[About this exercise] Repeat exactly what runs from the line containing "Storm clouds over" through the last line of the material below. Do not copy the pictures.

*-*-*

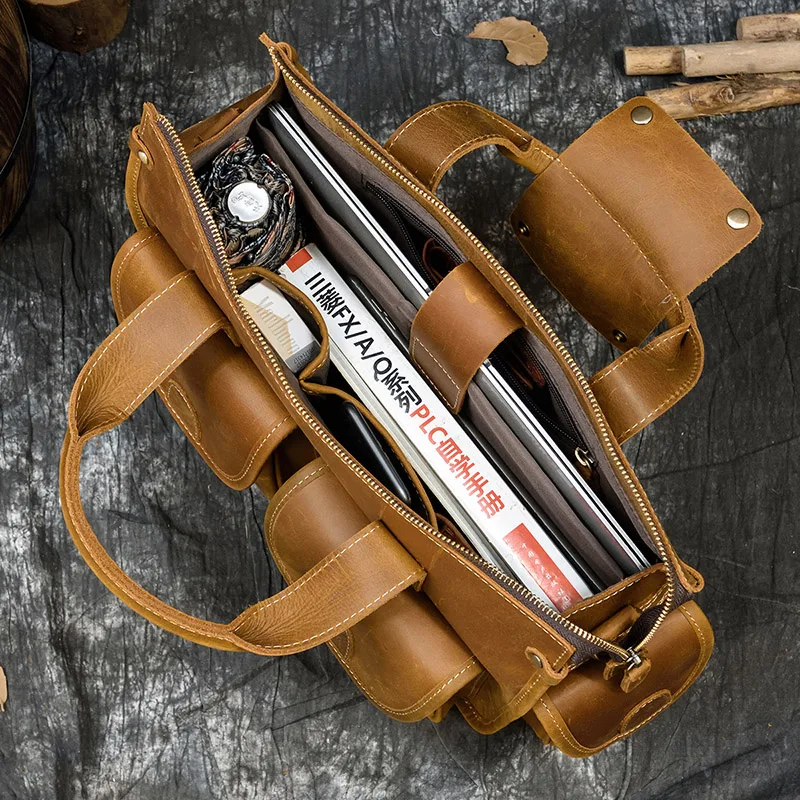 Портфель MAHEU doctor leather для мужчин чехол атташе из натуральной кожи документов и мессенджер ноутбука 13 6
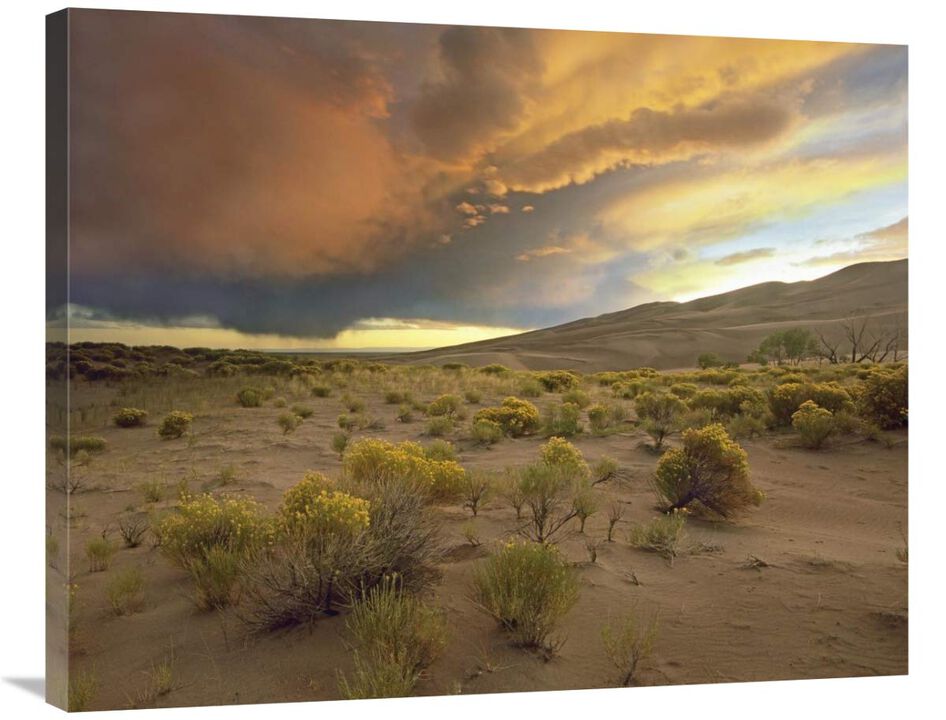 Storm clouds over Great Sand Dunes National Monument, Colorado-Canvas Art-35x28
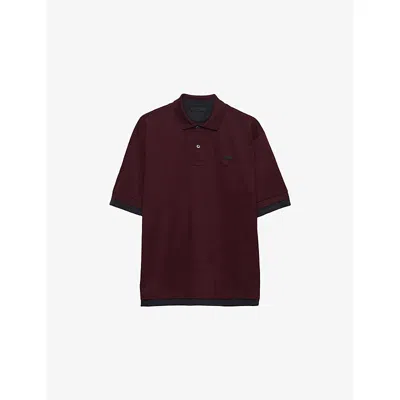 Prada Mens Burgundy Triangle-appliqué Cotton-jersey Polo Shirt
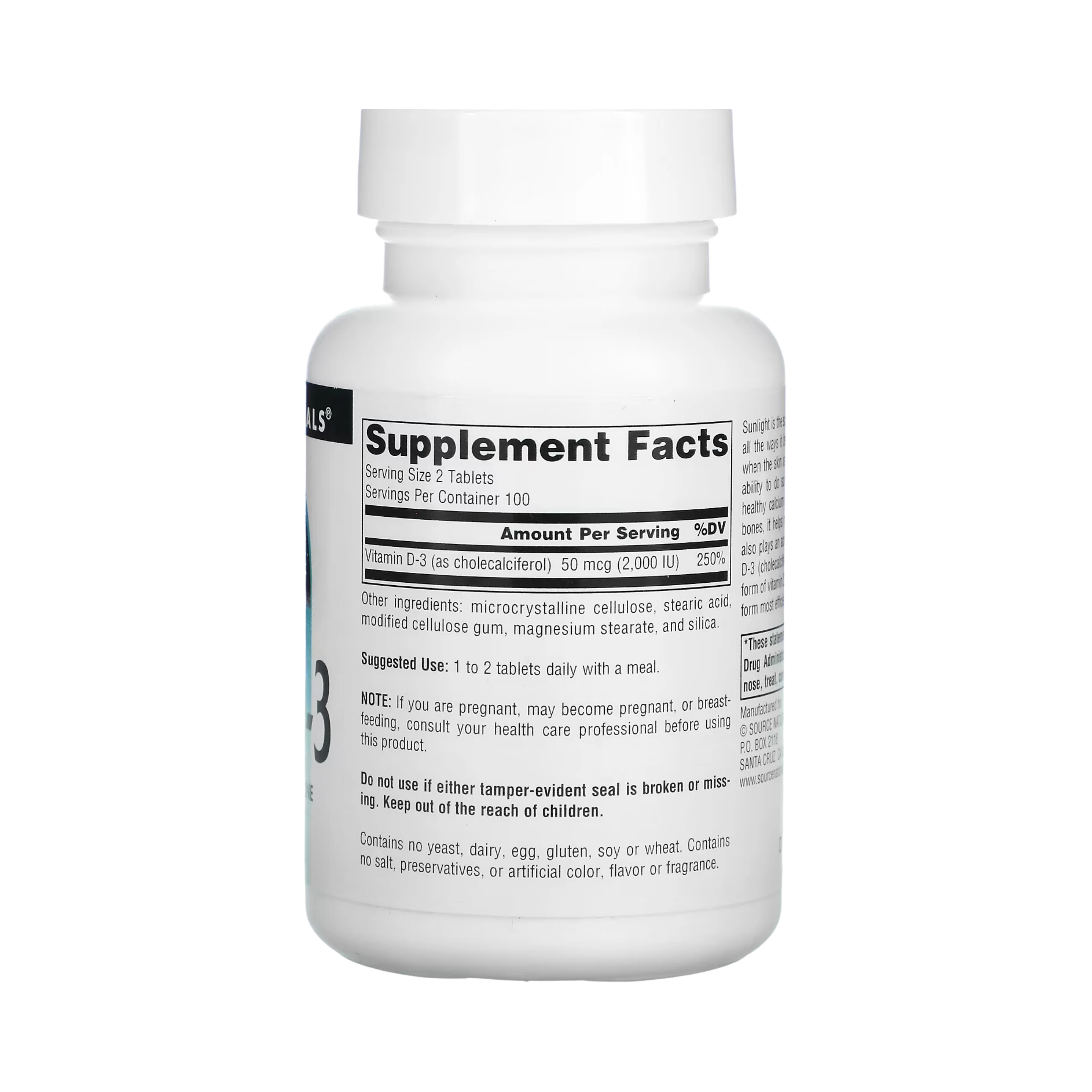 Source Naturals, Vitamin D-3, 1000 IU, 100 Tablets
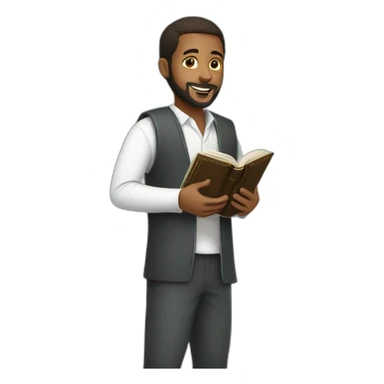 A man holding the Quran sticker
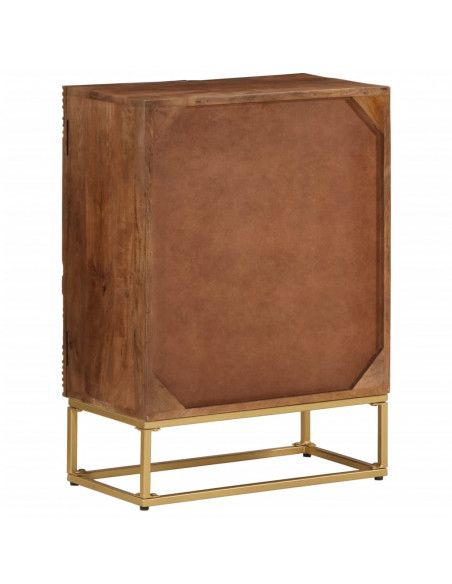 Credenza 55x30x76 cm in Legno Massello di Mango e Ferro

*-*-*

[Response to this task]
 Storm clouds over Great Sand Dunes National Monument, Colorado-Canvas Art-35x28
 Prada Mens Burgundy Triangle-appliqué Cotton-jersey Polo Shirt
 Source Naturals, Vitamin D-3, 1000 IU, 100 Tablets
 A man holding the Quran sticker
 Credenza 55x30x76 cm in Legno Massello di Mango e Ferro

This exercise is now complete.